Dataset records:
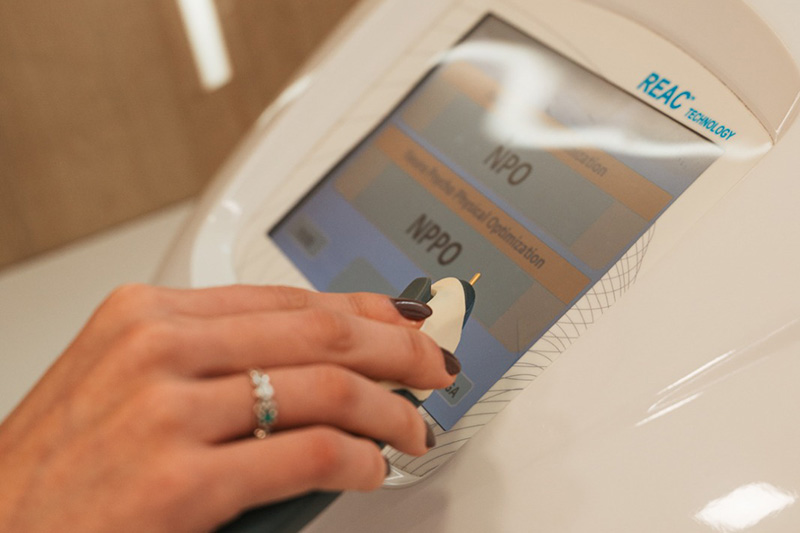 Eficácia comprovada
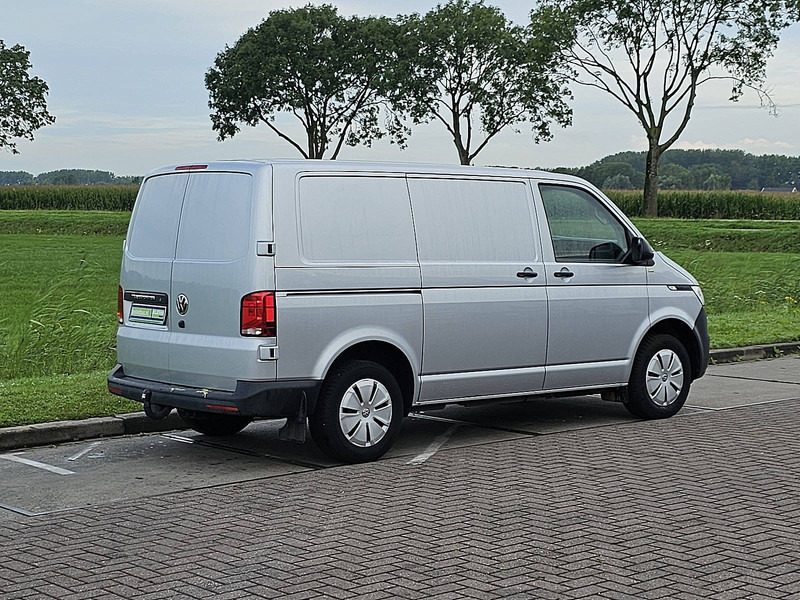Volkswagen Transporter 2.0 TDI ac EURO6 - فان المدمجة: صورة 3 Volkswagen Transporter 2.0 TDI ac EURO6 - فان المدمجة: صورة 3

...

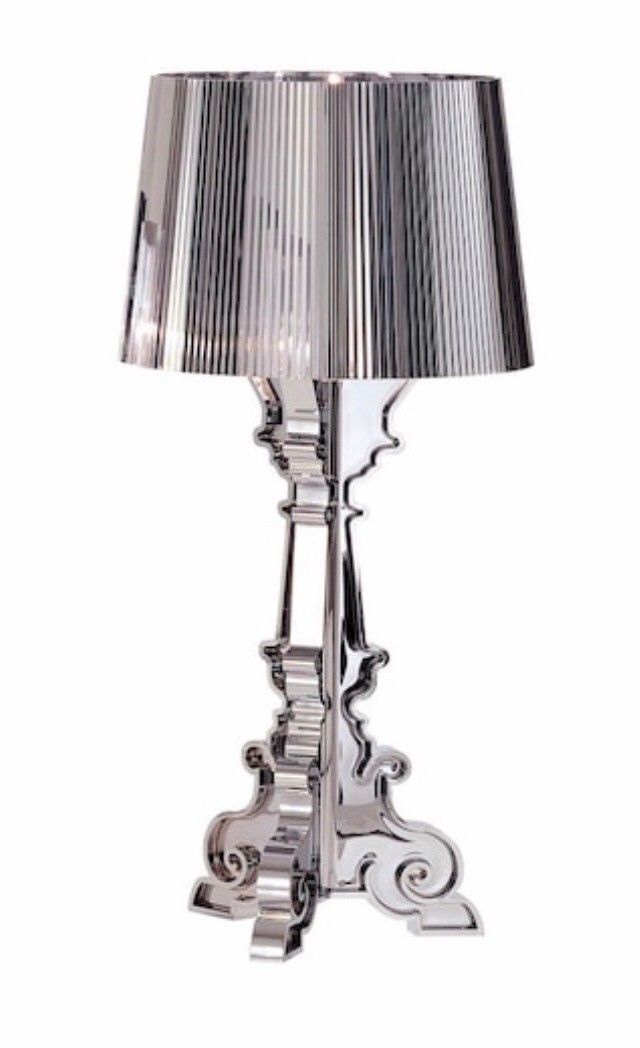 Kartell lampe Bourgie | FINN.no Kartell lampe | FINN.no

...

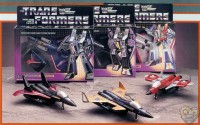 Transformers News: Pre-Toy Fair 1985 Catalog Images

Problem statement: Your answer should be the exact lines above from the one containing "Eficácia comprovada" through the one containing "صورة 3 Volkswagen", with both end lines kept and the pictures removed, please.

Problem solution:
 Eficácia comprovada
Volkswagen Transporter 2.0 TDI ac EURO6 - فان المدمجة: صورة 3 Volkswagen Transporter 2.0 TDI ac EURO6 - فان المدمجة: صورة 3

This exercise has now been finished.